That seems even less likely now after recent data show the economy has picked up since that meeting.

Employers added 243,000 net jobs in January, the most since spring. That helped lower the unemployment rate for the fifth straight month, to 8.3 percent. Car sales are up, as is consumer borrowing. And US factories reported having their best month of growth in five years.

“Given that the incoming economic data since that meeting has only been more positive . . . there is now little chance of the Fed launching another round of large-scale asset purchases at the meetings in either March or April,’’ said Paul Ashworth, chief US economist at Capital Economics.

The minutes, which were released yesterday, show Fed officials expected only modest economic growth in the coming months with only gradual declines in the unemployment rate.

Members cited several factors that could weaken the recovery and warrant more action from the Fed.
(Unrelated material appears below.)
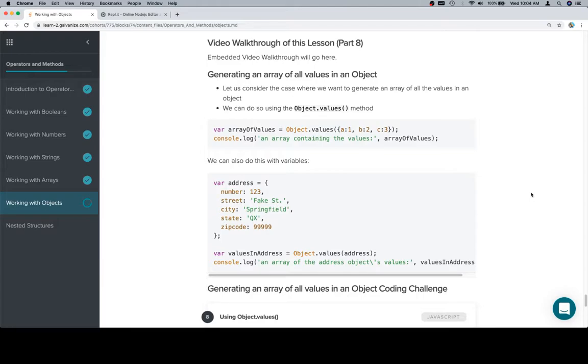Now if we can generate all of the keys in an object, we can generate all the values too. Object.keys, object.values. Relatively simple.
Among them: a slowdown in economic activity abroad; US budget cuts; further weakness in the already-depressed housing market; less borrowing by consumers; and increased volatility in financial markets because of Europe’s debt crisis.

Fed chairman Ben Bernanke told a Senate panel last week that the declining jobless rate doesn’t capture the plight of millions who have stopped seeking work.

His cautious view suggests the Federal Reserve plans to stick with the three-year time line, even if the unemployment rate continues to gradually decline.